Segment Open

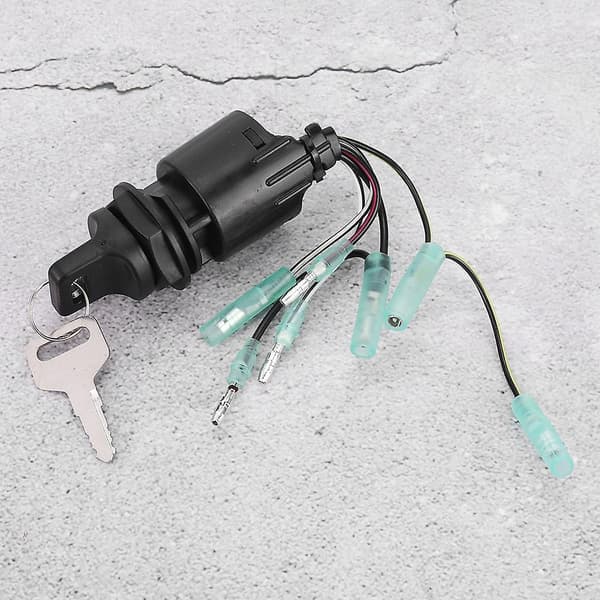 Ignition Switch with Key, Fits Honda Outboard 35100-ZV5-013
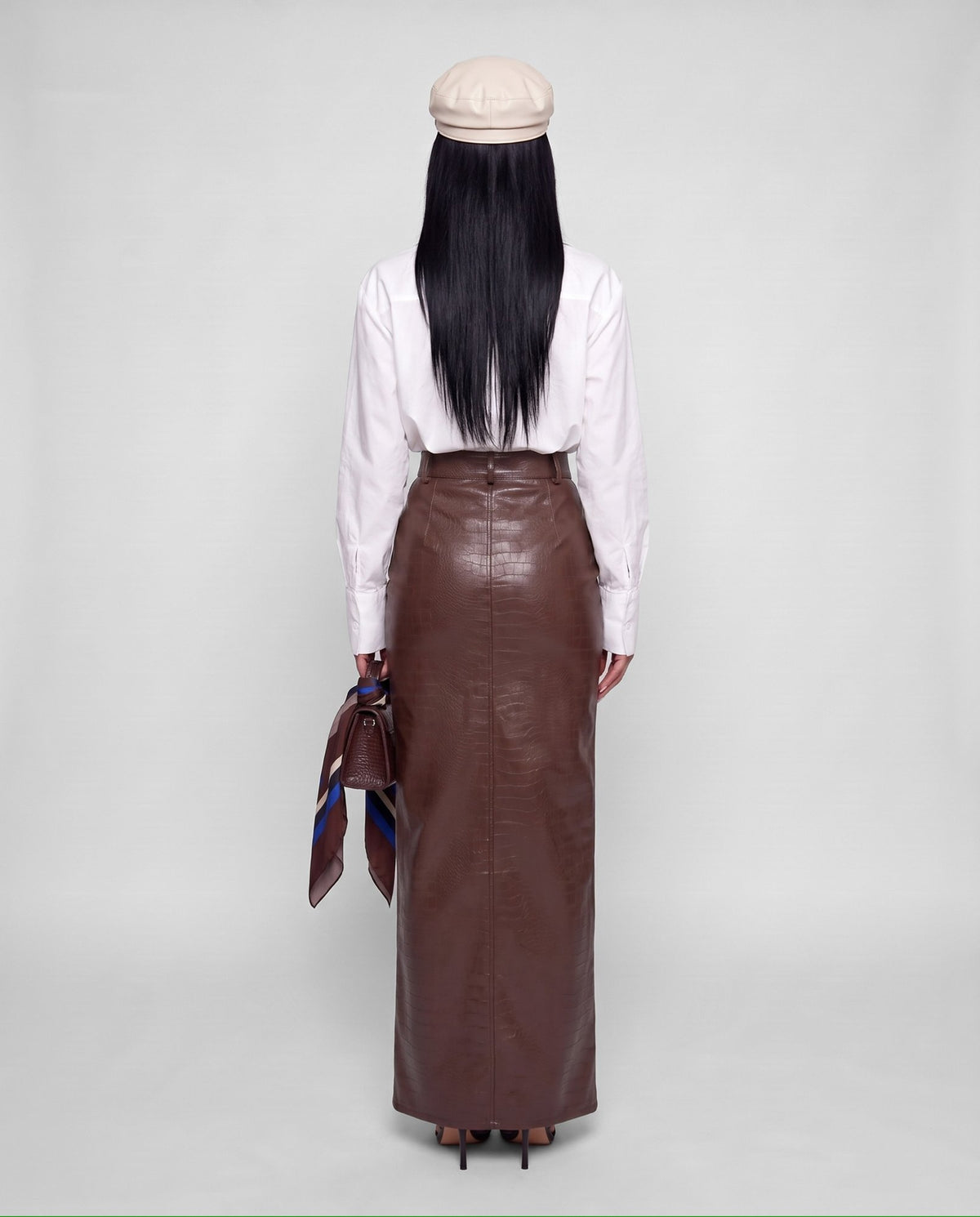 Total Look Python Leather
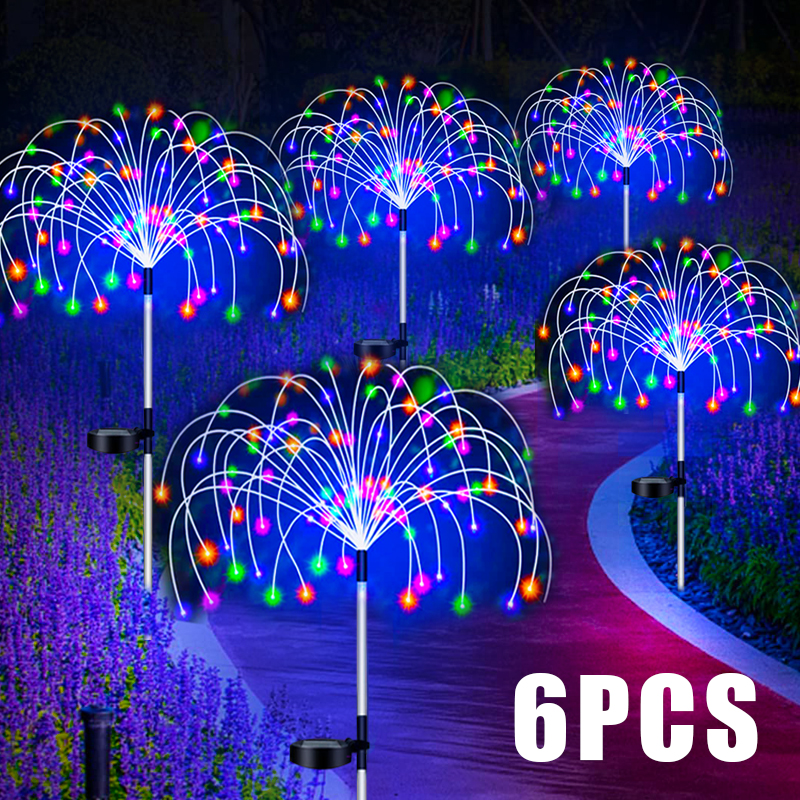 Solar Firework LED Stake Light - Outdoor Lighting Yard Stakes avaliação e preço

Segment Closed

(Activity) Please print exactly the lines running from the line with "Total Look Python Leather" through the final line of the material, and nothing more. Keep pictures out.

(Task solution)
 Total Look Python Leather
 Solar Firework LED Stake Light - Outdoor Lighting Yard Stakes avaliação e preço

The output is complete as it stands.